Une autre grande partie de l’histoire de la ville, si l’on met de côté la partie romaine, consiste en l’histoire religieuse qu’elle possède.

De nombreuses églises catholiques, temples protestants, synagogues israélites et mosquées musulmanes sont disséminés dans la ville.

Deux de ces lieux de culte ont une histoire intéressante.

La première synagogue de la ville a été construite en 1793, lorsqu’un groupe de marchands juifs (principalement de mules et de textiles) s’est regroupé, après avoir été banni de Carpentras, dans le Comtat Venaissin. L’édifice présente une architecture très proche de celle du Comtat : au rez-de-chaussée se trouvent les annexes, la maison du rabbin, les fours qui servaient à la fabrication du pain traditionnel Matsa et le Mikvé, bain traditionnel de la religion. A l’exception de la facade extérieure qui sera restaurée en 1893, l’intérieur du bâtiment est toujours d’époque.
L’édifice religieux le plus impressionnant est de loin la cathédrale Notre-Dame-et-Saint-Castor de Nîmes. Construite en 1096 (mais probablement pas entièrement achevée avant le XIIe siècle), la première itération était une cathédrale romane, dont il reste très peu de traces : un mur-pignon surmonté d’un ancien clocher-mur adossé au clocher actuel ayant abrité les premières cloches, ainsi qu’une frise romane dont les sept premiers tableaux sont encore visibles.

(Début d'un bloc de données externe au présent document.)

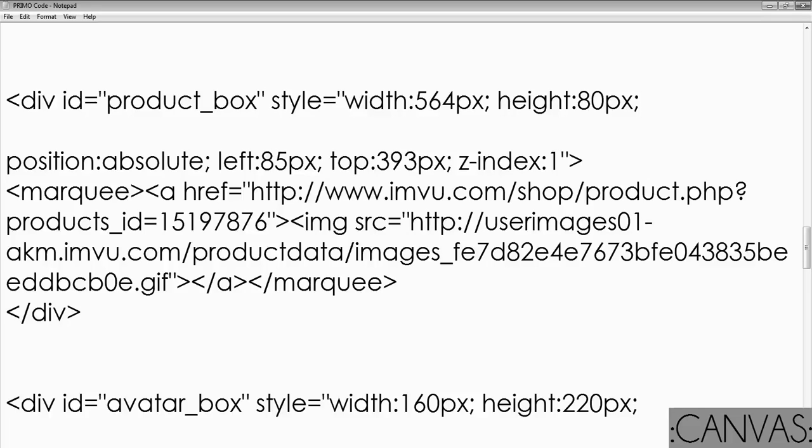Hey guys, this is Anna Dia with Canvas Homepage Building and Design and this is the instructional video for how to add clickable product icons to your product box or your scrolling marquee.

Pendant les guerres de religion, les Réformés endommageront la cathédrale à deux reprises, en 1567 et en 1621, entraînant la perte de la “Tour du Trésor”, l’un des clochers de la cathédrale.

Pour réparer les dégâts, une nouvelle cathédrale est construite sur la première au XVIIe siècle. La chapelle baroque du Rosaire est la principale trace de cette reconstruction.

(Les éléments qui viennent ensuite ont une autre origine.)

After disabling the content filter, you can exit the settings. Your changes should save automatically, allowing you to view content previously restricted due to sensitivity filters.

La troisième et dernière cathédrale a été construite entre 1877 et 1882. La troisième chapelle qui en est issue contient un panneau de sarcophage paléochrétien, ainsi que le tombeau du cardinal de Bernis.

Mélange d’antiquité et de tradition provençale, les arènes de Nîmes accueillent chaque année de nombreuses corridas, notamment lors de sa feria. Organisée depuis 1952, elle est en réalité bien plus ancienne mais s’est surtout déroulée en secret, après l’adoption de lois qui l’interdisaient.

Débutant avec des taureaux camarguais, à partir de 1853, des taureaux espagnols ont également été accueillis.

En 1894, au mépris des lois de l’État qui interdisent les corridas en raison de la mise à mort des taureaux (33 avaient été “éstoqués” l’année précédente), le maire organise une grande corrida, à laquelle l’écrivain provençal Frédéric Mistral (futur prix Nobel de littérature) accepte de présider. Pendant des années, de nombreux affrontements vont opposer ceux qui défendent l’art traditionnel des corridas, à ceux qui prétendent qu’il ne s’agit que d’un sport barbare. Mais en 1952, l’Etat adopte une nouvelle loi : les courses de taureaux peuvent être pratiquées à condition qu'”une tradition locale puisse être invoquée”. Nîmes sera la première ville, la même année, à organiser ouvertement ses corridas. Et la ville n’a jamais cessé depuis.

Se déroulant en mai, la feria attire chaque année plus d’un million de visiteurs.